Voici quelques semaines que s’est achevé le second défi cinéma auquel je participais : un Marathon Lynch, pour lequel Yuko, Cecile, Cachou et moi-même nous sommes efforcés de suivre un rythme de visionnage hebdomadaire et, si possible, de parution des articles régulier. Ce ne fut pas toujours aisé. Le choix des films a répondu aux mêmes impératifs que pour le précédent défi (celui sur Kubrick) : découvrir un réalisateur, son style, ses thèmes de prédilection, à travers ses réalisations vues dans l’ordre chronologique. Le moyen de se rendre compte d’une éventuelle évolution dans la carrière mais aussi de voir dans ce cadre des œuvres qui nous avaient échappées.

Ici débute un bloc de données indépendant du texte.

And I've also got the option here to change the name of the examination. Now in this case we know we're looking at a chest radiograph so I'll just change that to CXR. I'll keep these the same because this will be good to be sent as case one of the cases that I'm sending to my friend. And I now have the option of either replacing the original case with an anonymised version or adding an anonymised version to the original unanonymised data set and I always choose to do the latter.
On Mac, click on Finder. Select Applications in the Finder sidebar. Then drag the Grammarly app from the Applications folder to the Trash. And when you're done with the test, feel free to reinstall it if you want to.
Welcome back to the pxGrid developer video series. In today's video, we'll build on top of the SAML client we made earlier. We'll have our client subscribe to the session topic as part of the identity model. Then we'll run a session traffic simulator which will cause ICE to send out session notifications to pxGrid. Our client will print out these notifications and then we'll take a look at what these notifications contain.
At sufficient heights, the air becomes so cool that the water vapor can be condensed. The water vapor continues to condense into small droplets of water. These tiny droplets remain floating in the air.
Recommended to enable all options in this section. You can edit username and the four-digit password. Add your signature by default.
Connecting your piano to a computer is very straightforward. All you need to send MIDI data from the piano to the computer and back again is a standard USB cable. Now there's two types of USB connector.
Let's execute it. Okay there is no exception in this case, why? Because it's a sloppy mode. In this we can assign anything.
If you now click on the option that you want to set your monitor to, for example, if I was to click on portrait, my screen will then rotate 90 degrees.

Or, Lynch, je connaissais. Plus ou moins en fait. Je m’étais déjà fait une bonne sélection il y a deux ans, alors que je regarnissais ma DVDthèque : Mulholland Drive et Inland Empire m’avaient profondément touché et j’avais surtout envie de pouvoir voir enfin, dans son intégralité, l’extraordinaire série télévisée Twin Peaks qui m’avait tant intrigué. Et j’ai été conquis.
Lorsque Cachou a lancé l’idée de ce Défi cinéma, je ne pouvais qu’acquiescer : pour elle (entre autres objectifs), c’était l’occasion de se frotter à un autre cinéaste vénéré par une frange de la critique, parfois haï mais généralement respecté dans la profession. Quant à moi, je voulais explorer l’imaginaire lynchéen, ses sources et la manière dont il utilise ces symboles récurrents que j’avais déjà observés, et vus interprétés brillamment dans le livre que Michel Chion lui avait consacré. J’avais hâte de me frotter à Eraserhead, son premier long, pour lequel des générations de fans continuent à égrener leurs dithyrambes sur la toile ou autres magazines spécialisés. Et puis revoir Dune, malgré ses outrances et ses errances, redécouvrir Sailor & Lula et Elephant Man avant de terminer en beauté par le DVD de Inland Empire.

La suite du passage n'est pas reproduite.